Strong growth in Italian pork imports
Italy is the largest net importer of pork in the EU. Demand has also been increasing strongly, and in the first four months of 2018, Italy imported 10% more fresh/frozen pork than during the same period a year before.
The increased import demand has likely been supported by falling pork prices in Europe, reflecting the more plentiful supply availability this year. Average pork import prices were unsurprisingly down 9% year-on-year in the first four months of 2018, which meant the value of Italian imports was stable on the year, at €612 million.
At 344,300 tonnes, imports during Jan-Apr were the highest since 2015, which will have helped to absorb some of the increase in EU production early this year. Most of the increase came from mid-sized suppliers. Shipments from France increased by 42% year-on-year, increasing its market share by three percentage points, and Denmark also increased its share of the market. While Germany remained the largest supplier, with trade only increasing 5%, its market share dropped back slightly.

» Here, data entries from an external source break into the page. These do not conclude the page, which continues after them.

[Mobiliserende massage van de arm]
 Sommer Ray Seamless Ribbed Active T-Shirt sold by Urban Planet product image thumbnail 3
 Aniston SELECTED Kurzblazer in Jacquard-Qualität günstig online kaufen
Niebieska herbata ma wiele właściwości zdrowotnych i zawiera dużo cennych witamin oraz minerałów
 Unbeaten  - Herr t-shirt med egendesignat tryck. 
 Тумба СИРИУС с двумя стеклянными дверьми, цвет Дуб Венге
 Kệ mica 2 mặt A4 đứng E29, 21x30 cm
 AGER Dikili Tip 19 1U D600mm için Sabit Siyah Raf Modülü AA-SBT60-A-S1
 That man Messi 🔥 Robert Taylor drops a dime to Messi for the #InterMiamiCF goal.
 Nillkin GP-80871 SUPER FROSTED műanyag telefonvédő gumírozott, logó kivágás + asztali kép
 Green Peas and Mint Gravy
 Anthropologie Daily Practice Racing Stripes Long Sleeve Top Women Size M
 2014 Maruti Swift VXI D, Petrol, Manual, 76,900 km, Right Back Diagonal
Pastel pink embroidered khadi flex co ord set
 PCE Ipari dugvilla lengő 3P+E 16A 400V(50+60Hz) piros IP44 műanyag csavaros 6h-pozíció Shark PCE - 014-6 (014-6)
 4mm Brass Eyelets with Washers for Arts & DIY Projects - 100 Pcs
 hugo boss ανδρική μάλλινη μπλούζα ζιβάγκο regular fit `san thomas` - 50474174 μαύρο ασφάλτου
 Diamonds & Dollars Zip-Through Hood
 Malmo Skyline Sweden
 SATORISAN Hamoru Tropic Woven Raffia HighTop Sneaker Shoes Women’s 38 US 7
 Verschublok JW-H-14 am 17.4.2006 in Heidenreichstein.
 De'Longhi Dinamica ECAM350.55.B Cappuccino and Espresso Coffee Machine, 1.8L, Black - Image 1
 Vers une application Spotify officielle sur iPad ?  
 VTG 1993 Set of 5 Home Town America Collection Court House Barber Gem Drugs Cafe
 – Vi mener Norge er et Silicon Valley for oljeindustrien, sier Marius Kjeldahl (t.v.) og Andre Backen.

Pig meat production in Italy was also 2% higher (+10,000 tonnes) year-on-year for January-April, however, despite the additional supplies, there was a reduction in exports of pig meat products across the same period. Fresh/frozen shipments were down 15% year-on-year (-5,000 tonnes), which counteracted some small increases for sausages (+300 tonnes) and exports of cured Italian speciality products (+900 tonnes). This suggests that consumption of Italian pig meat has also been increasing.
Looking at speciality Italian hams, it seems this market has been performing better than the overall EU pig meat market so far this year. Exports totalled 24,500 tonnes at a value of €251 million, which was still a 1% increase on last year’s level. France and the US were the primary countries to receive more product (+1,700 tonnes each), and shipments to the smaller Croatian market also increased by over 50% (+1,300 tonnes). Conversely, exports to Germany, the second largest market, declined.